This album is on my list of "Greatest Albums Ever". When I think "trip hop" I think this album, though I suspect many would question this judgement.

It features excellent beats that ride the fine line between hip hop and drum n bass. These beats have that groovey back beat syncopation that shouts "old school funk". But also they ooze an oomph and crunchiness that one usually finds in drum n bass and other forms of electronica, yet they never descend to the crass phonic abuse and pointlessly irritating breakbeating that drum n bass so often does. Additionally the tracks on this album feature increadible harmonic depth that somehow seems to sway between stark ice-cold beauty and warm smothering comeliness. Crusty synthesiser noises, samples from film soundtracks, and more are blended with the care, precision, and taste that one would expect from the master chefs that are Boards of Canada.

Having listend to this album a vast number of times, my recipe for a mind-melting sonic experience using this album is as follows:
Ingredients:
* One sofa, reclining chair, futon, or similar device enabling the occupation of a recumbant position in comfort for approximately 65 minutes.
* One copy of "Music Has The Right To Children" by Boards of Canada. Preferably on clean unscratched vinyl. And get a new needle for your record player.
* One good stereo power amplifer capable of at least 40 watts RMS output, and equipped with at least one pair of good quality speakers. An amplifer that was made before CDs were invented is better. Look for the presence of record player (i.e. "phono") inputs on the back of it. Trust me on this one.

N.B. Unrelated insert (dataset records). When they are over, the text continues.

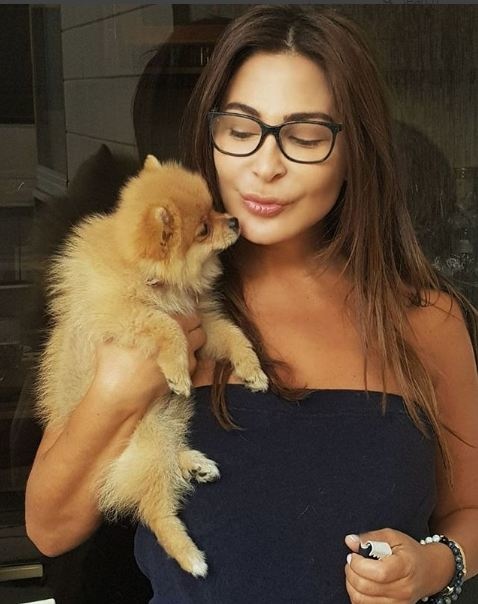 اليسا تهوي تربية الكلاب الاليفة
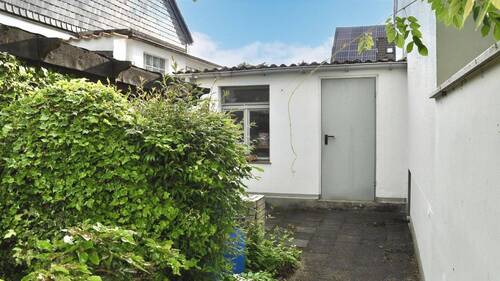 Garage - vom Garten aus - 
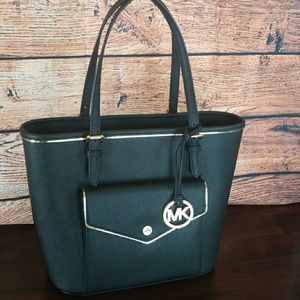 Michael kors medium tote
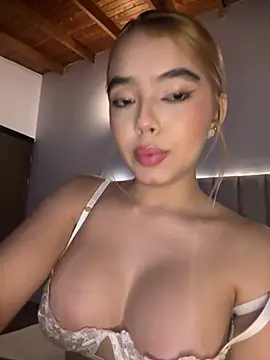 Mia_Roswell Chat XXX in diretta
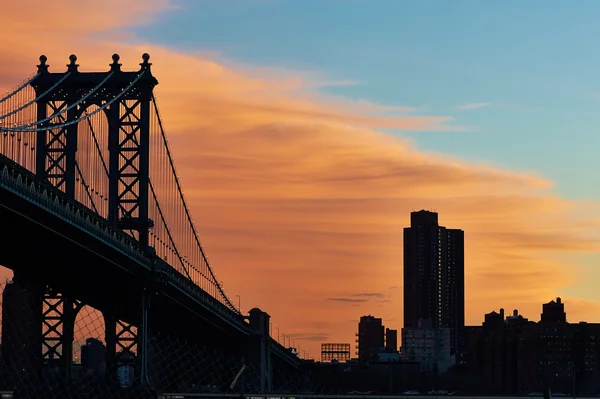 マンハッタン橋は日没時に — ストック写真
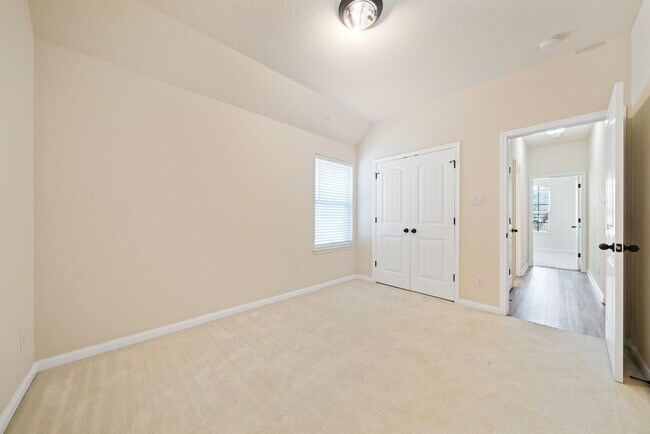 Building Photo - 369 Derby Dr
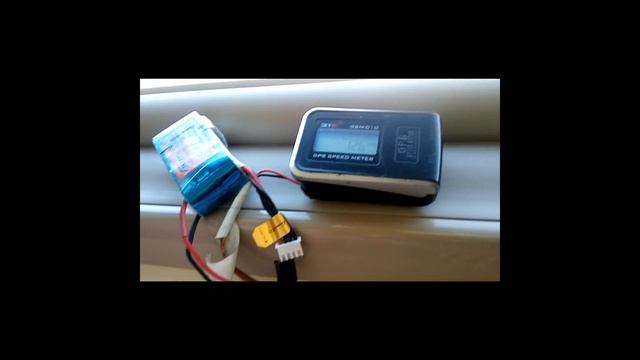 с какой скоростью едет двухэтажный поезд москва-адлер ? ответ- 100-135кмч :) смотреть онлайн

Also two pairs of good speakers is better then one pair.
* One quiet room with soft ambient lighting in which one feels comfortable and can be present for approximately 65 minutes without fear of disturbance.
* One quantity of marijuana or hashish, sufficient to produce a strong yet not oppressive level of stoned.
Method:
1) Arrange in the room all the other ingredients.
2) Smoke the marijuana. Wait 5-10 minutes for it to really kick in.
3) Play the album.
4) Enjoy.
Serves one person. Can be made to serve more; simply increase seating arrangements and marijuana supply as neccessary.
I find this recipe to produce a most delictable meal for the mind. I find it a blissful one hour that leaves me invigourated yet relaxed, and my mood invariably raised.

I would recommend this album to anyone who gets into DJ Shadow (he's about the only well known artist I've been listening to recently that comes to mind as producing something along the same lines). On the lesser known front, I would compare this album (and recommend to anyone who likes it) the works of artists from Ninja Tunes and affiliated labels, in particular The Herbaliser, Neotropic, and Amon Tobin.

Music Has the Right to Children was released by Boards of Canada in 1998 on both Warp (as catalogue number WARP55) and Skam Records (as SKALD1). The tracklist is as follows:

  1. Wildlife Analysis (1:17)
  2. An Eagle in your Mind (2:08)
  3. The Color of the fire (1:45)
  4. Telephasic Workshop (6:35)
  5. Triangles & Rhombuses (1:50)
  6. Sixtyten (5:48)
  7. Turquoise Hexagon Sun (2:51)
  8. Kaini Industries (0:59)
  9. Bocuma (1:36)
  10. Roygbiv (2:31)
  11. Rue the Whirl (6:39)
  12. Aquarius (5:58)
  13. Olson (1:31)
  14. Pete Standing Alone (0:46)
  15. Smokes Quantity (3:07)
  16. Open the Light (4:25)
  17. One Very Important Thought (1:18)
  18. Happy Cycling (7:55)

Clocking in at just below 63 minutes, the album is a prime example of the soundscapes that BoC manage to churn out. Michael and Marcus, with their preference for old documentaries and the melancholy of childhood memories, have created one of their best albums with Music Has the Right to Children. The sound, as their other work, is a pleasant mix of floating synth melodies and Autechreish beats.

The cover art features 7 children/young adults, standing by a lookout point in the mountains. The picture looks old and faded, with little creases and cracks. The faces of the people (with the exception of the left-most person) are all devoid of any features, making the picture scary in an odd way. The art is actually designed by BoC themselves.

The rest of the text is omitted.